From the first line to the last, repeat the data exactly but leave out the pictures.

The data
....

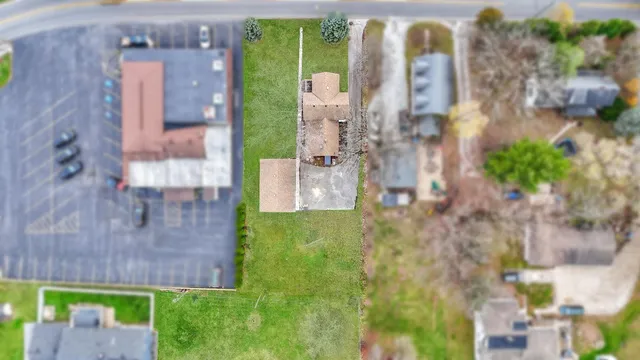 an aerial view of residential houses with outdoor space and swimming pool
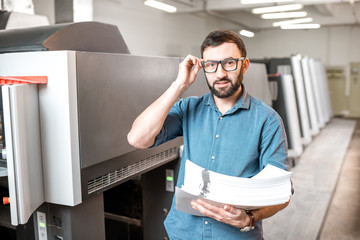 Portrait of a handsome typographer standing with stack of paper at the printing manufacturing with...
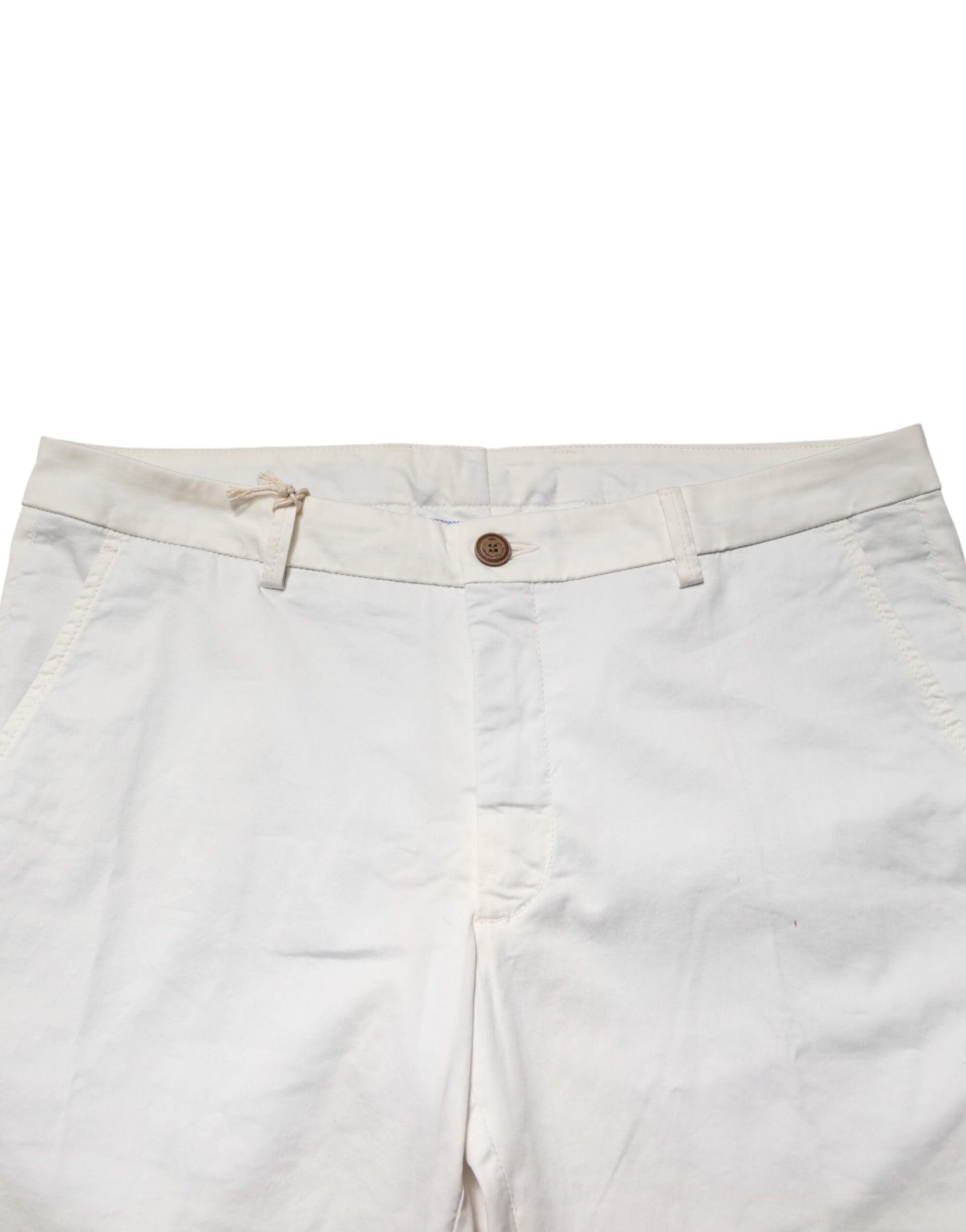 White tapered dress pants with button closure and belt loops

....

Exercise response
 an aerial view of residential houses with outdoor space and swimming pool
 Portrait of a handsome typographer standing with stack of paper at the printing manufacturing with...
 White tapered dress pants with button closure and belt loops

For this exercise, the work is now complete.